- 2025.09.10
- ボイストレーナー育成 マインドセット・練習法 ミックスボイス
第4話:モチベーションと学習環境 ― 歌唱を続ける力を育てる
歌唱スキルは、正しい練習方法だけでなく「続けられる力」に大きく左右されます。
そもそもボイストレーニングにおけるタスクや、楽曲そのものの難易度を正確に理解すること自体が難しく、多くの学習者が「この曲は自分に合っているのか」「なぜ歌いにくいのか」と迷います。
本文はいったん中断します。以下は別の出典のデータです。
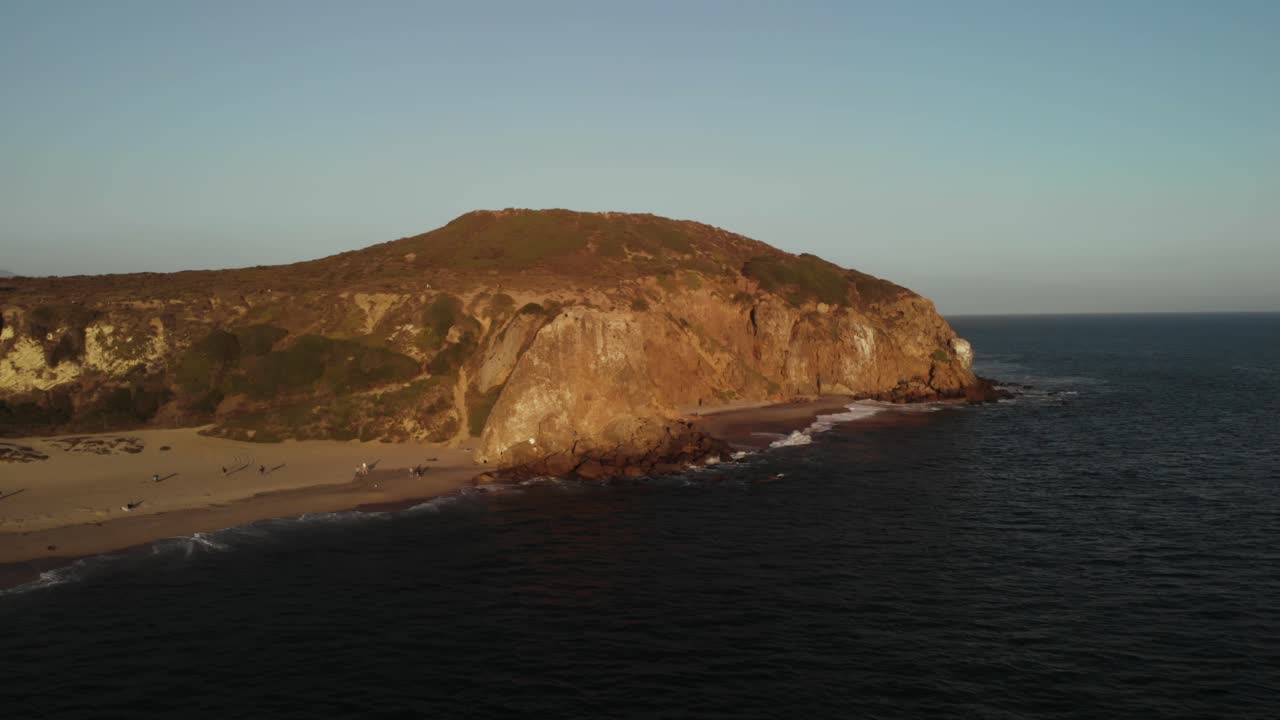 una toma aérea de los acantilados de point dume en malibú, california, por la noche mientras se pone el vibrante sol.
こうした状況で、モチベーションが続かない、練習が習慣にならないといった問題は頻繁に起こります。ここでは、心理学と教育学の研究をもとに、歌唱の学習を支えるモチベーションと学習環境の設計について考えます。
1. 内発的動機づけと外発的動機づけ
自己決定理論(Self-Determination Theory, Deci & Ryan, 1985; 2000) によれば、モチベーションには「内発的」と「外発的」があり、長期的な学習継続には「自律性・有能感・関係性」の3つが満たされることが重要です。
歌手にとっては:
– 自律性(Autonomy):自分で練習方法や曲を選べる感覚
– 有能感(Competence):小さな成功体験を積み重ねること
– 関係性(Relatedness):信頼できるボイストレーナーや仲間の存在
これら3つはいずれも内発的動機づけの基盤とされており、満たされることで「自分の内側からやりたい!」という意欲が生まれます。逆に欠けると、外発的な要因(発表会で褒められる、オーディションに合格する、先生に叱られないようにする等)に依存しやすくなり、長期的には練習の持続が難しくなります。
2. フィードバックとモチベーション
自己効力感(self-efficacy, Bandura, 1997) は「できる感覚」を伴うと次の挑戦を生みます。
そのため、フィードバックは:
– できなかった点の指摘「だけ」ではなく
– できた点を強調しつつ、改善点を明確に示す
というバランスが求められます。
さらに OPTIMAL理論(Wulf & Lewthwaite, 2016) では、外的フォーカス、自律的選択、ポジティブなフィードバックが揃うと、学習効率が最大化されるとされています。これはボイストレーニングにおいても有効で、言葉選び一つで練習の質が変わることを示しています。
3. 学習環境と課題設定
ヴィゴツキーの最近接発達領域(ZPD, 1978) によると、学習は「少し背伸びすればできる課題」で最も効果的に進みます。簡単すぎても難しすぎてもモチベーションは下がってしまうのです。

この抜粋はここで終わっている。